With the amount of time that we spend on our devices, when does updating cross the line into oversharing? Are we just sharing because we have a ‘Fear Of Missing Out’ (F.O.M.O) by not updating our friends and followers with what we’re doing? As we continue utilising these platforms, this article discusses some of the possible outcomes of oversharing that you should be aware of before posting that next update…

Stranger Danger
Are you someone who is proud of your health achievements and how far you've managed to run today? What about breaking your personal record of what you managed to lift at the gym? If you are, cybercriminals may already have the approximate location of your house, the path you take for running and your health regime. These days it’s also becoming increasingly common for people to post holiday bookings, including the dates and locations where they will be. If you are abroad on holiday, criminals may take advantage of an empty house. 

Digital Profiling
It is not unheard of to be approached for possible business ventures via professional social platforms such as LinkedIn. Beyond just knowing a person's interests, oversharing can lead to cybercriminals building a profile on you that could eventually lead to being used against you as a scam.

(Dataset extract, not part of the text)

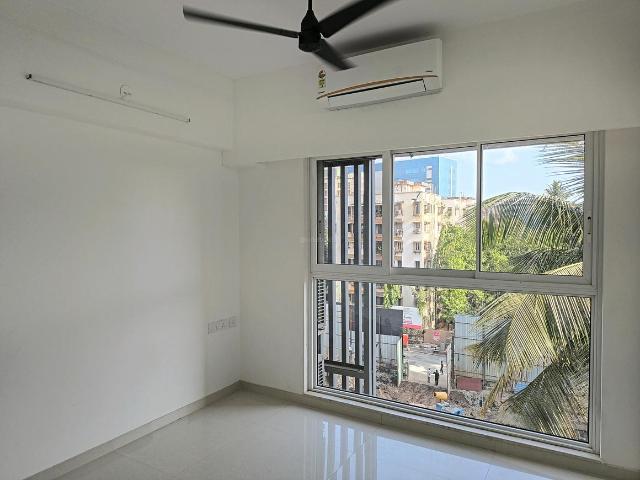 2 BHK Apartment in Bandra East for rent Mumbai. The reference number is 16803729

Financial scams are not new and can cost budding entrepreneurs large sums of money if they are not careful. 

Exposing yourself
21% of Singaporean respondents from the ESET 2018 APAC Consumer Survey indicated that they have shared personal information or photos with strangers via social media platforms. Although this is a lower rate in comparison with other countries, it is still a worrying level of discretion. Personal information can always be used against you or to carry out an elaborate scheme to scam you. 

Mistaken Identity
According to the ESET 2018 APAC Consumer Survey, 42% of Singaporean respondents indicated that they interact and engage with strangers on social media. As care-free as this behaviour sounds, it poses the risk of cybercriminals gathering enough information about you to attempt to either steal or duplicate your identity, eventually leading to extortion or blackmail.

In conclusion, while we may feel pressured to broadcast our personal lives via social media, doing so poses many risks. We’re not saying that you shouldn’t be active on social media at all, but instead we advocate being mindful of what you post online and who you share the information with. There are simple measures that we all can take, such as:
Limiting the number of people that can see your location
Segregating the audience for specific posts, so only trusted friends will be updated
Posting about being on holiday, only after you come back from your holiday
Reviewing your post visibility settings before you post something, and think about the consequences it can have upon your life, both personal and professional.